Si è detto e scritto molto sul perché il Cavaliere si intestardisse su una candidatura che proprio non decollava. Matteo Salvini, con meno peli sulla lingua di tutti, aveva parlato da ultimo di un Berlusconi “sotto ricatto” di Renzi a causa degli interessi di Mediaset. Altri analisti attribuivano all’ex premier la volontà di non soccombere all’idea di un centrodestra a trazione leghista-populista sposando la candidatura più forte in quel campo, lanciata oltretutto proprio come sfida alla sua leadership, quella di Giorgia Meloni. Nella loro brutalità queste due spiegazioni contengono certamente elementi di verità, anche se i sostenitori dell’idea del Cavaliere schierato a presidio della trincea moderata omettono di ricordare che al Silvio dei tempi d’oro di mettere paletti a destra non è mai importato nulla e che la sua coalizione semmai i moderati (da Follini a Casini allo stesso Fini) era andata via via estromettendoli, altro che emarginare i populismi.

Rispetto a queste due ipotesi ce n’è una terza che almeno in parte le ricomprende entrambe, ed è che Berlusconi, anche legittimamente, puntasse a preservare la propria al momento assai indebolita egemonia sul centrodestra, da un lato perseguendo una linea politica che, come sempre, non può essere disgiunta dai suoi interessi e dall’altro contrastando l’emergere di possibili figure “nuove” potenzialmente spendibili come sue rivali sulla scena nazionale: tra le quali lo stesso Marchini, ed ecco il perché di una scelta di sostegno così sofferta e faticosa.

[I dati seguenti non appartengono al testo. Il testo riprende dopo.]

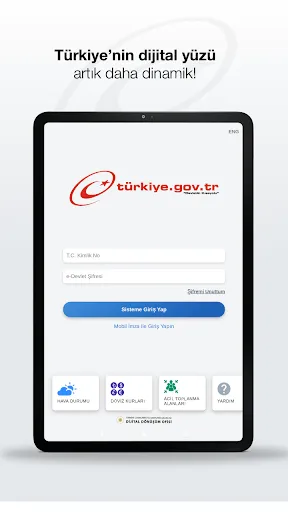Скриншот 7 — e-Devlet Kapısı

Esiste però in politica, dicevamo, una forza delle cose. Personalmente può perfino convenirti giocare a perdere, o giocare contro te stesso; politicamente però non puoi riuscirci, perché non si tratta mai solo di te. Manca una decina di giorni scarsi al termine per la presentazione delle liste (7 maggio), e Forza Italia, per quanto in crisi e dipendente dal suo leader, non è solo Berlusconi. Sono centinaia di amministratori, migliaia di quadri intermedi che a giugno si giocano la rielezione e il futuro. Morire per Mediaset, semplicemente, non è per loro un’alternativa pensabile. Ma nemmeno morire per un leader, oltretutto ormai lontano dalla sua stagione migliore, può esserlo. Quanto alle idee, per quelle si dice possa valere la pena morire, nella politica oggi grandi idee non se ne vedono.

Se il Cavaliere si fosse ostinato a giocare a perdere, semplicemente, Forza Italia sarebbe uscita di scena, e con lei ogni residua forza contrattuale e politica del suo leader. Non solo a Roma e non solo riguardo a queste amministrative: il si salvi chi può avrebbe riguardato tutti, dai candidati sindaco di paese ai parlamentari, che si sarebbero affidati a qualsiasi scialuppa pur di non affondare con la nave. Berlusconi può permettersi molto, ma non questo. Così è proprio il capostipite di tutti i “partiti di plastica” e “comitati elettorali del leader” a dimostrarci che la politica non è mai solo e per sempre al servizio di un obiettivo personale. E che le alchimie teoriche su nuovi partiti ibridi senza radici e senza storia vanno poco lontano.